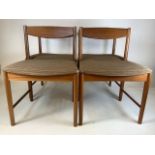 A set of four mid century teak dining chairs of wide proportions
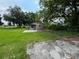Expansive backyard with a concrete slab, partially obscured by overgrown grass and mature trees at 408 S Orange Ave, Fort Meade, FL 33841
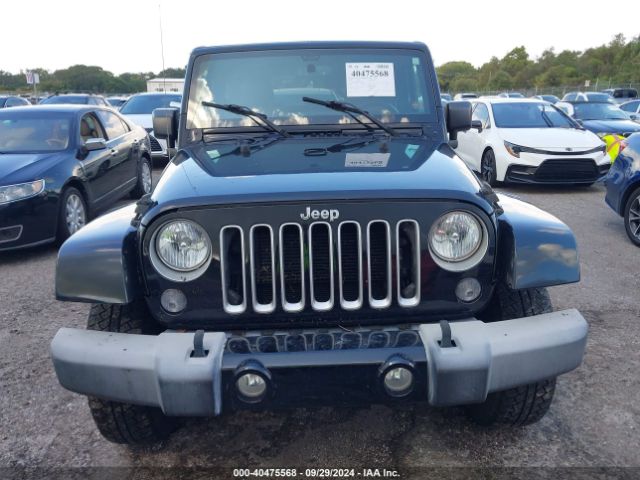 1C4AJWBG8GL183140 Jeep Wrangler Sahara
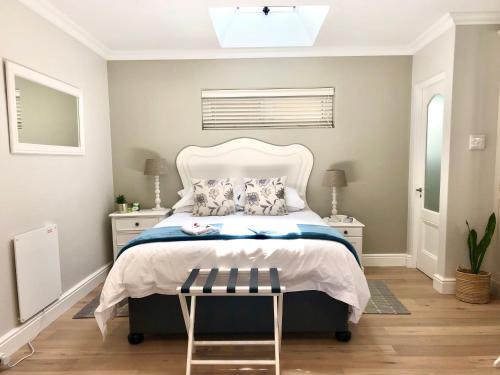 um quarto com uma cama com uma cabeceira branca em Garden Cottage - Leafy Constantia Guest House na Cidade do Cabo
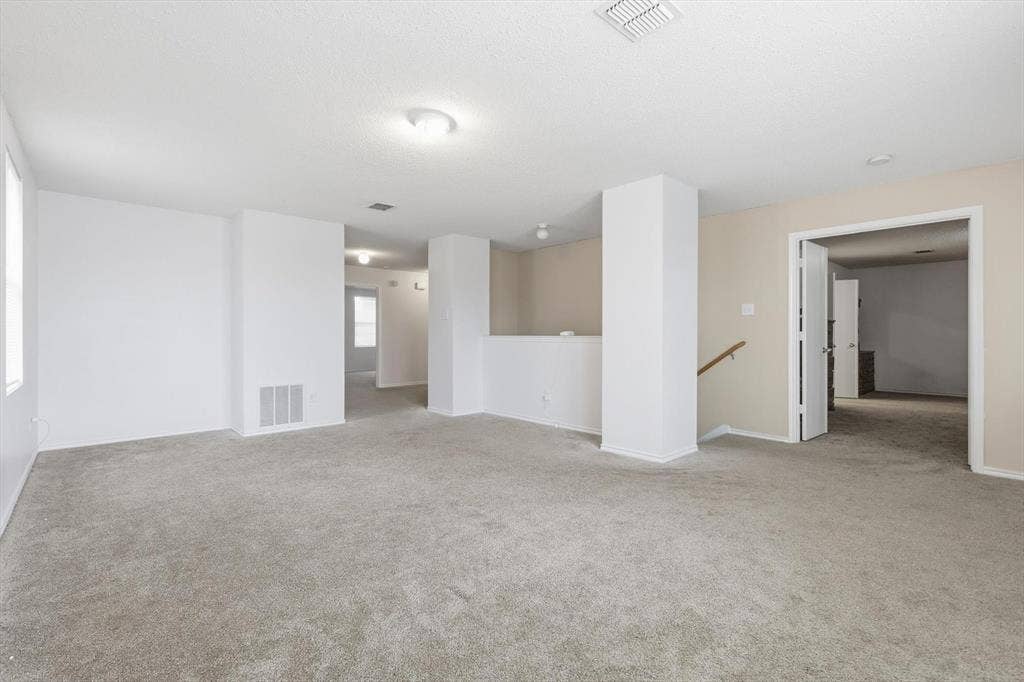 1633 Sierra Meadow Lane, Fort Worth, TX 76247 Expansive interior space featuring neutral wall tones, wall-to-wall carpeting, flush-mount lighting fixtures, and a structural column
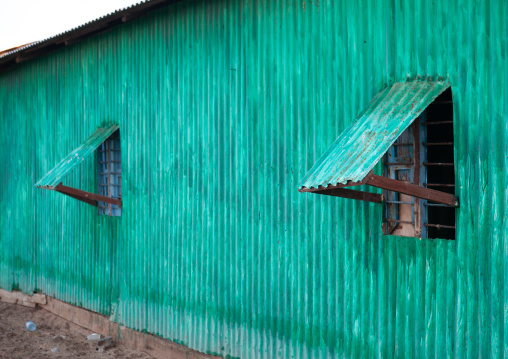 A run down metal house made from corrugated iron painted in green, Awdal region, Zeila, Somaliland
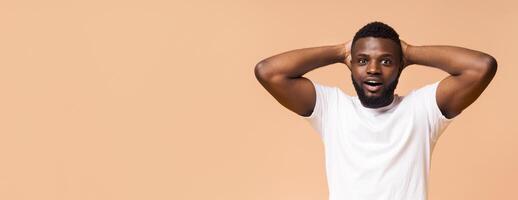 Black man with a beard and a white t-shirt standing in front of a tan background. He has his hands on his head and a shocked expression on his face. He looks like he is surprised or amazed, copy space photo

————————

When copying, output the data exactly and leave out the pictures.

 A set of four mid century teak dining chairs of wide proportions
Expansive backyard with a concrete slab, partially obscured by overgrown grass and mature trees at 408 S Orange Ave, Fort Meade, FL 33841
 1C4AJWBG8GL183140 Jeep Wrangler Sahara
 um quarto com uma cama com uma cabeceira branca em Garden Cottage - Leafy Constantia Guest House na Cidade do Cabo
 1633 Sierra Meadow Lane, Fort Worth, TX 76247 Expansive interior space featuring neutral wall tones, wall-to-wall carpeting, flush-mount lighting fixtures, and a structural column
 A run down metal house made from corrugated iron painted in green, Awdal region, Zeila, Somaliland
 Black man with a beard and a white t-shirt standing in front of a tan background. He has his hands on his head and a shocked expression on his face. He looks like he is surprised or amazed, copy space photo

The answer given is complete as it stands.